The universe is perverse, however, and clever eyes will perceive that MyByte can have two other perfectly legal addresses: 0:002D and 0002:000D. How so? Keep in mind that a segment may start every 16 bytes throughout the full megabyte of real memory. A segment, once begun, embraces all bytes from its origin to 65,535 bytes further up in memory. There's nothing wrong with segments overlapping, and in Figure 6.3 we have three overlapping segments. MyByte is 2DH bytes into the first segment, which begins at segment address 0000H. MyByte is 1DH bytes into the second segment, which begins at segment address 0001H. It's not that MyByte is in two or three places at once. It's in only one place, but that one place may be described in any of three ways.

It's a little like Chicago's street-numbering system. Howard Street is 76 blocks north of Chicago's "origin," Madison Street. Howard Street is, however, only 4 blocks north of Touhy Avenue. You can describe Howard Street's location relative to either Madison Street or Touhy Avenue, depending on what you want to do.

An arbitrary byte somewhere in the middle of real mode's megabyte of memory may fall within literally tens of thousands of different segments. Which segment the byte is actually in is strictly a matter of convention.

This problem appears in real life to confront programmers of the IBM PC. The PC keeps its time and date information in a series of memory bytes that starts at address 0040:006C. There is also a series of memory bytes containing PC timer information located at 0000:046C. You guessed it-we're talking about exactly the same starting byte.
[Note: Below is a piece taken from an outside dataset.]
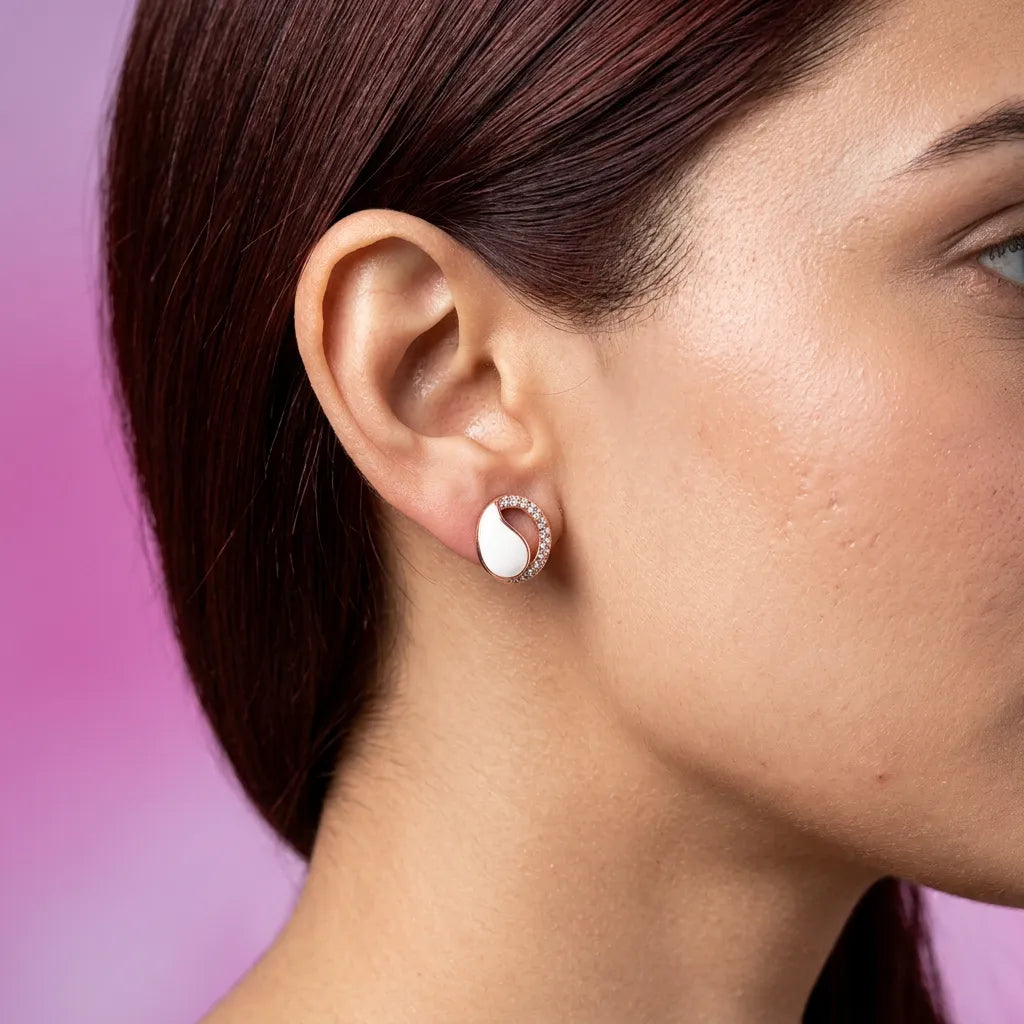 925 Silver Rose Gold Earrings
Different writers speaking of that same byte may give its address in either of those two ways, and they'll all be completely correct.

The way, then, to express a 20-bit address in two 16-bit registers is to put the segment address into one 16-bit register, and the offset address into another 16-bit register. The two registers taken together identify 1 byte among all 1,048,576 bytes in real mode's megabyte of memory.

Is this awkward? You bet. But it was the best we could do for a good many years.